WHAT NEEDS TO BE DONE |
Give every line of the material back exactly, images removed.

MATERIAL SHOWN START

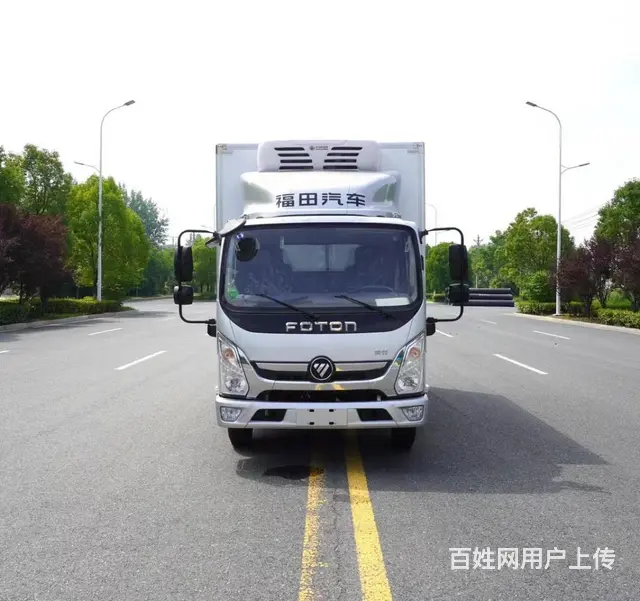 冷藏车4.2米福田奥铃 多少钱 - 图片 3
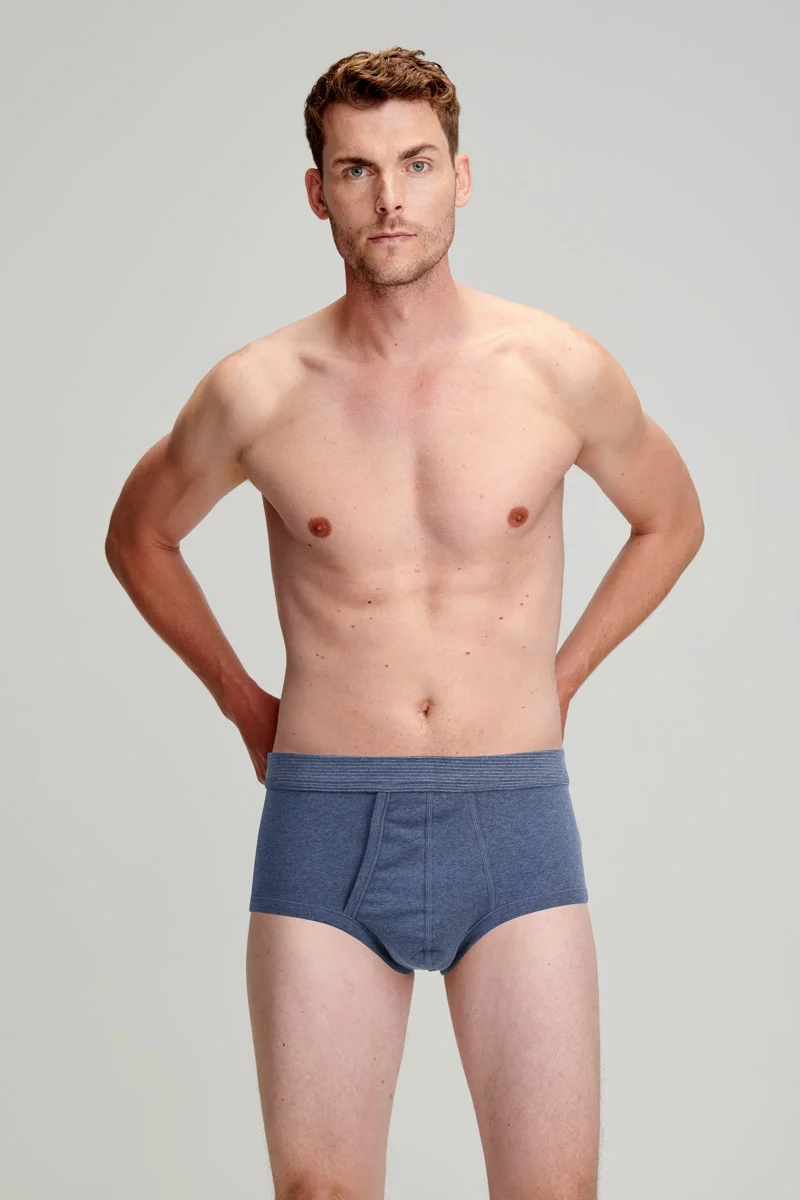 Slip ouvert - coton léger biologique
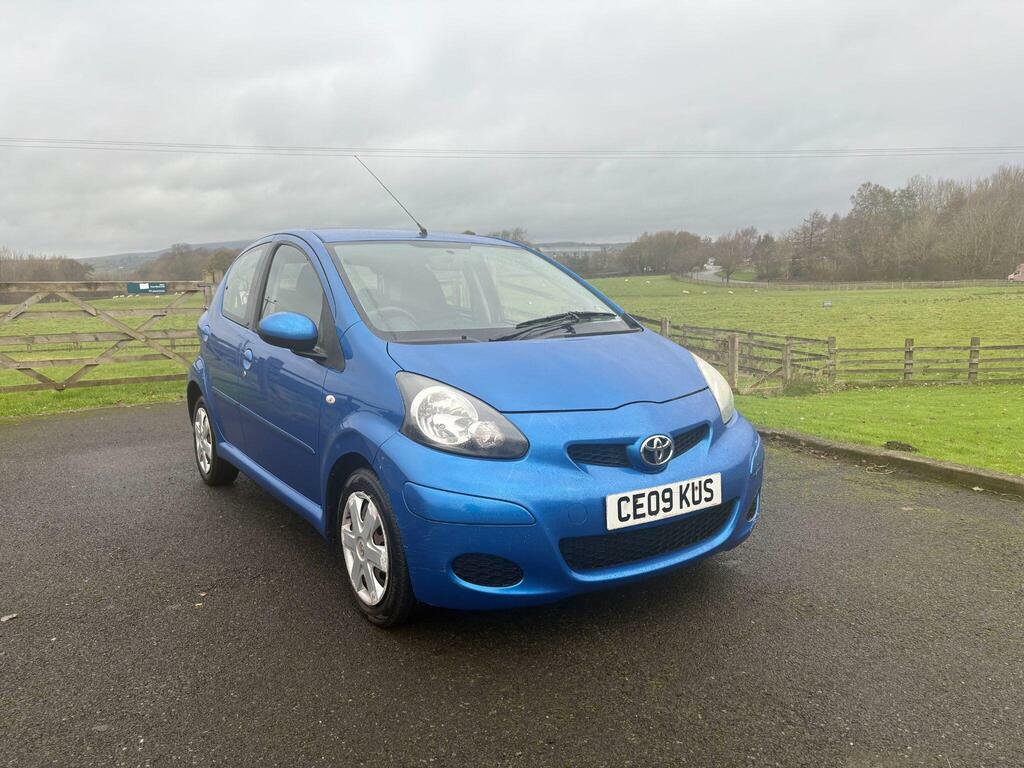 Toyota Aygo 1.0 Vvt-i Blue Euro 4 Blue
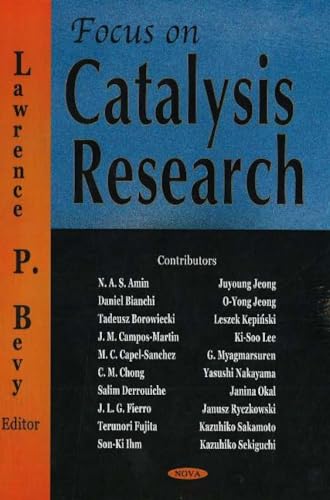 9781594548109: Focus on Catalysis Research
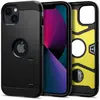 Image de Spigen Tough Armor pour iPhone 13 noir (Apple iPhone 13), Coque pour téléphone portable, Noir
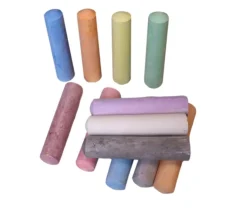 12 grosses craies de trottoir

MATERIAL SHOWN END

RESPONSE TO THE TASK |
 冷藏车4.2米福田奥铃 多少钱 - 图片 3
 Slip ouvert - coton léger biologique
 Toyota Aygo 1.0 Vvt-i Blue Euro 4 Blue
 9781594548109: Focus on Catalysis Research
 Image de Spigen Tough Armor pour iPhone 13 noir (Apple iPhone 13), Coque pour téléphone portable, Noir
 12 grosses craies de trottoir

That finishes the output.